Currency risks a concern for India: Moody’s Analytics

Affirming that the outlook for emerging markets will hold even amidst the US banking storm, Moody’s Analytics said that while India would continue to grow owing to pent-up demand, “further currency weakness could put the region’s central banks in ...

Reuters
Currency risks could deter India’s recovery leading RBI to raise rates and slowing down the economy, Moody’s Analytics pointed on Thursday.

Affirming that the outlook for emerging markets will hold even amidst the US banking storm, Moody’s Analytics said that while India would continue to grow owing to pent-up demand, “further currency weakness could put the region’s central banks in a bind.”

“A new bout of rupee weakness could force the Reserve Bank of India to press harder on the brakes slowing what we expect to be one of EM Asia’s best performing economies,” the report said, highlighting that even though inflation was no longer rising, food prices were still a key concern.


The Reserve Bank of India’s Monetary Policy Committee had raised rates by 0.25 percentage points to 6.5% in its February meeting.

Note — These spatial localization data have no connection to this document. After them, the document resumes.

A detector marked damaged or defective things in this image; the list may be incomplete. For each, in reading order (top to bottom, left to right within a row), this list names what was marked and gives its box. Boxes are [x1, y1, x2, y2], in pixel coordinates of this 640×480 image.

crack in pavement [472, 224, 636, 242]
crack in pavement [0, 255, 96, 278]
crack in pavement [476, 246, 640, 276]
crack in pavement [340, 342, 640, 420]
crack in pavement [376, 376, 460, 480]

“Although the meeting’s minutes showed only one member concerned with the Fed’s pace of tightening, this could quickly change when the bank meets in April, especially if faster Fed tightening and market jitters cause the rupee to weaken further,” the report noted.

The Federal Reserve raised rates by 0.25 percentage points on Wednesday. The Fed policymakers expect another rate hike to tame inflation.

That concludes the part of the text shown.